I have made a lot of progress on the design of the runtime, and the features I want.

But we’re still nowhere near something “stable”. I met some roadblocks which makes me rethink the semantics and the syntax as a consequence.

In my opinion, the syntax needs to reflect clearly the semantics of the language. The syntax is “derived” from the semantics.

In this article, I’ll expose some of the roadblocks I’ve met and what solution I have thought of.

Quick Recap: The type system

The type system of Letlang is dynamic and enforced at runtime.

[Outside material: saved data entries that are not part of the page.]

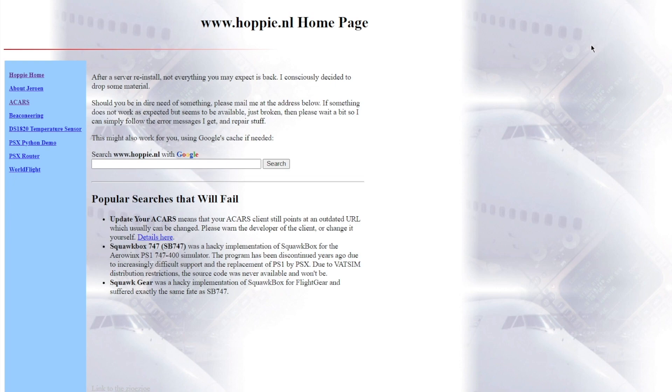Back in with another tutorial video today, a tutorial that I've wanted to do for a little while. It's going to be the Hoppy ACARS tutorial.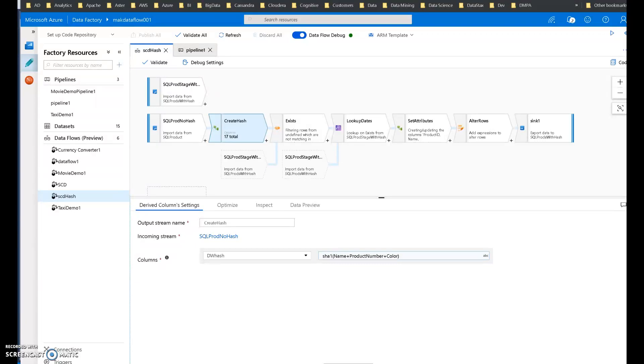In this video I'm going to walk you through how to build a slowly changing dimension pattern with Azure Data Factory. I'm going to use mapping data flows with ADF to do that.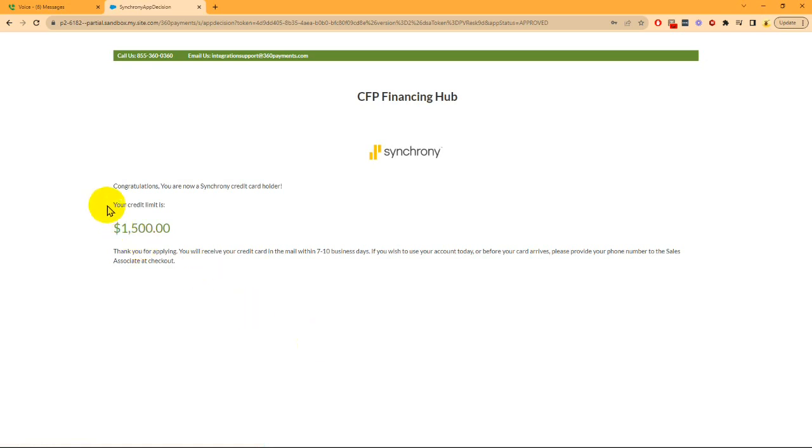Synchrony will respond with either an approval and an amount, a decline, or a pending which requires the customer to call Synchrony for a decision.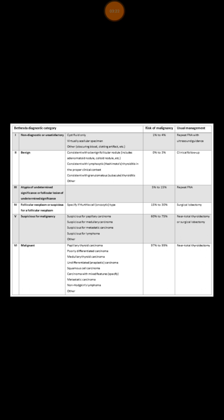Thy 6 is another category, which is diagnostic for malignancy. In such situation, you need to go ahead for total thyroidectomy, as the risk of cancer here is almost 99%.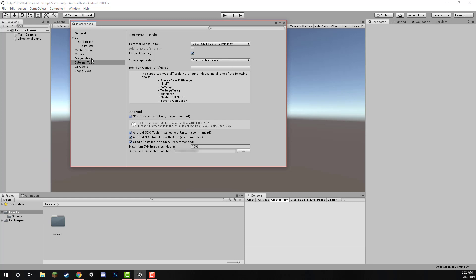Once we open this, click on External Tools, and we should see that we have the JDK installed with Unity ticked. We have Android SDK, Android NDK, and the Gradle installed with Unity ticked as well. That means that we have our SDK installed, and we're ready to publish to Android.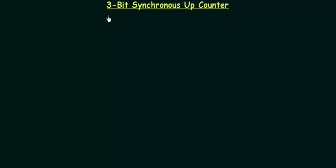In the last presentation we saw how to design synchronous counters and we also took one example in which we designed the two-bit synchronous up counter. In this presentation I will follow the same five steps and we will design the three-bit synchronous up counter.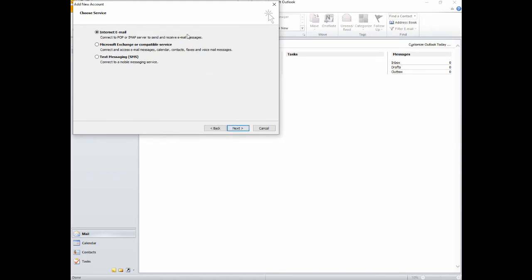You can choose Internet Email, Microsoft Exchange, or Text Messaging. To add your Brucetelcom account, select Internet Email and then click Next.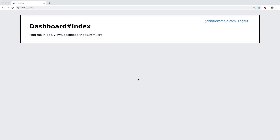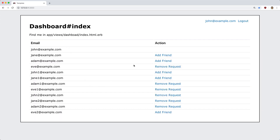Continuing from the previous episode where we created a relationship between users as friendships, we're now going to build the interaction view for these. If we have a bunch of users, you can see on the right hand side that this user john@example.com cannot add themselves as a friend because that is their own record. However, we then have other users like Jane and Adam who we can add as friends, and when we add them as a friend we can make a turbo link request back to the application and then have a response back to the page where it would show to remove the friend request.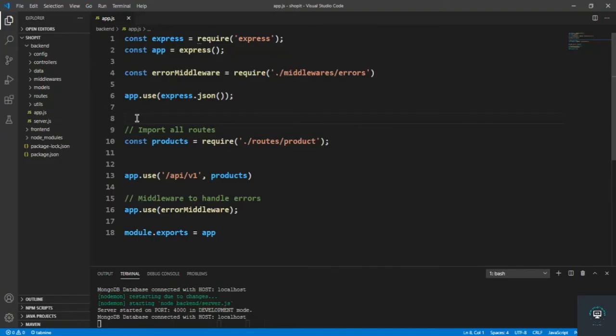Welcome back. In this section I'm going to add authentication and authorization to our API. In this video, first of all I have to create the model for the user, and in the next video we are going to register the user and encrypt the password.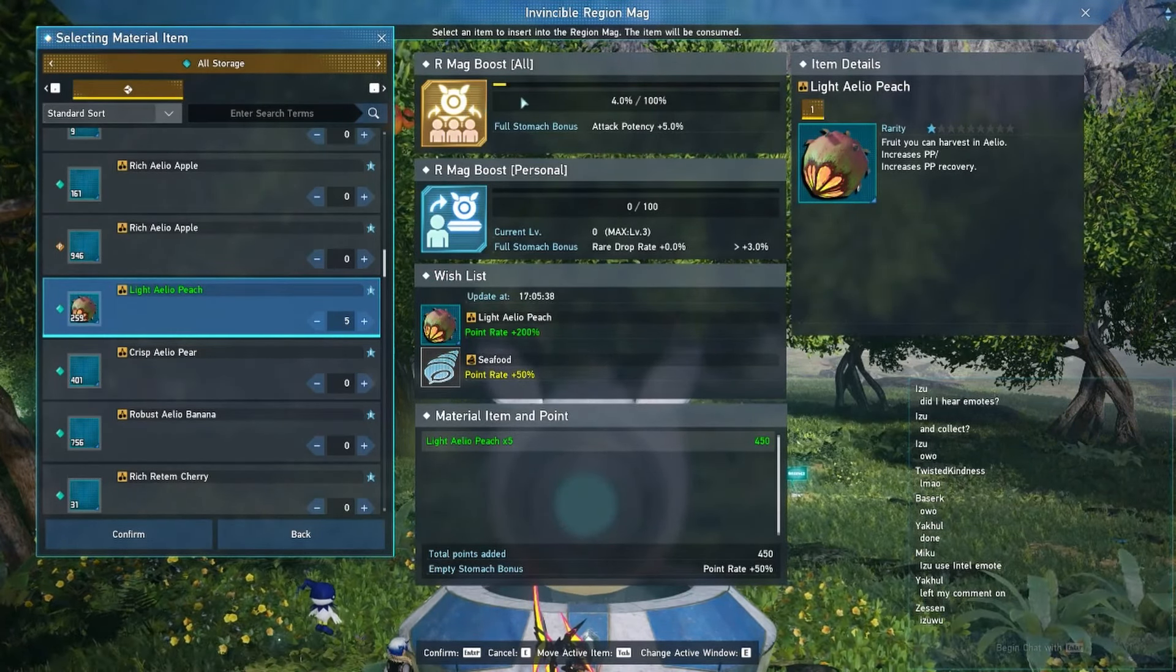One other thing that they added into the game recently with this last update is that you can actually go back and you can continue feeding the same mag even though you have your personal boost. If it is not full, get this mag boost bonus for the entire server.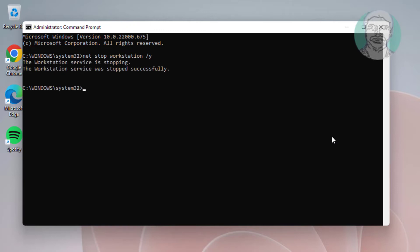Then type the following command: net start workstation /y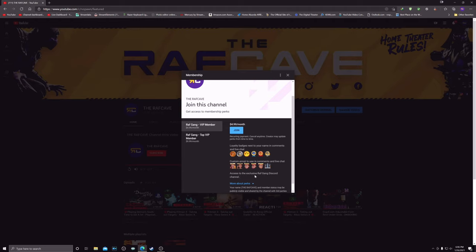You also get access to exclusive discord channel where you can talk to me and talk to anybody else in the VIP club on anything you'd like.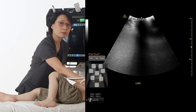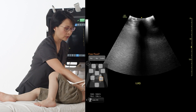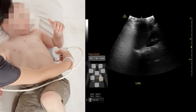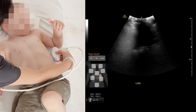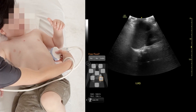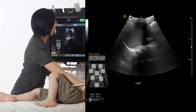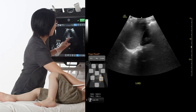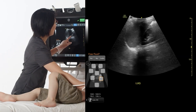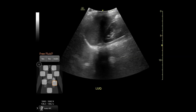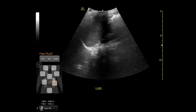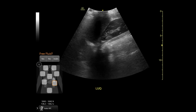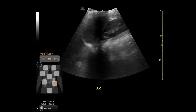You put the probe at the 9th or the 10th intercostal space of the left upper quadrant. And here we see the standard view is the kidney, the spleen, and the spine.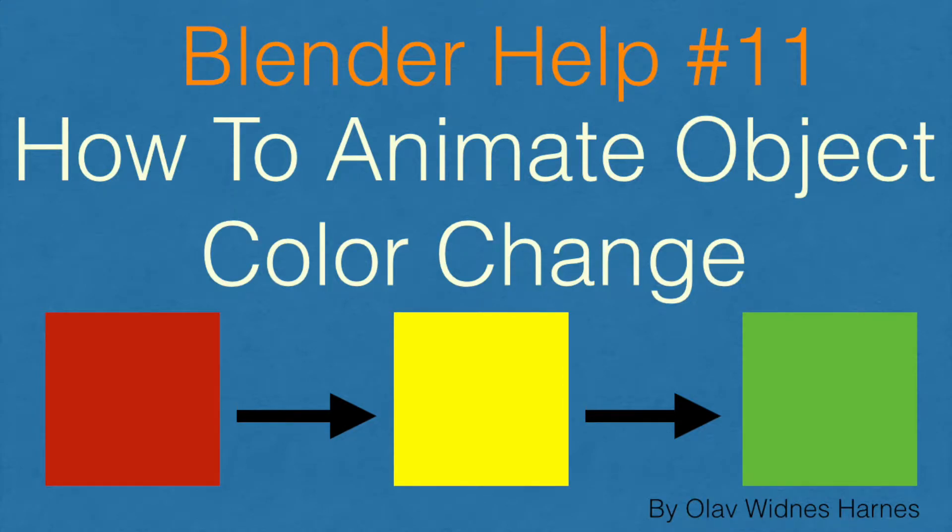Hey everyone, my name is Olav and today I'm going to show you how to animate object color change in Blender. This is a part of my Blender help series, so let's get started.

This is because of the very nature of what a “type” is in Letlang.

For a quick reminder: Values do not have a type, instead they belong to a collection, called a “class” (inspired from proper classes in set theory). The class defines the constraints a value must respect to be considered “part of the class”.

The example I like to give is with the classes even and odd :

  • even : all integers n such as n % 2 = 0
  • odd : all integers n such as n is not even

In the runtime, classes are modelled as functions that takes a value and returns a boolean indicating whether or not it belongs to the type.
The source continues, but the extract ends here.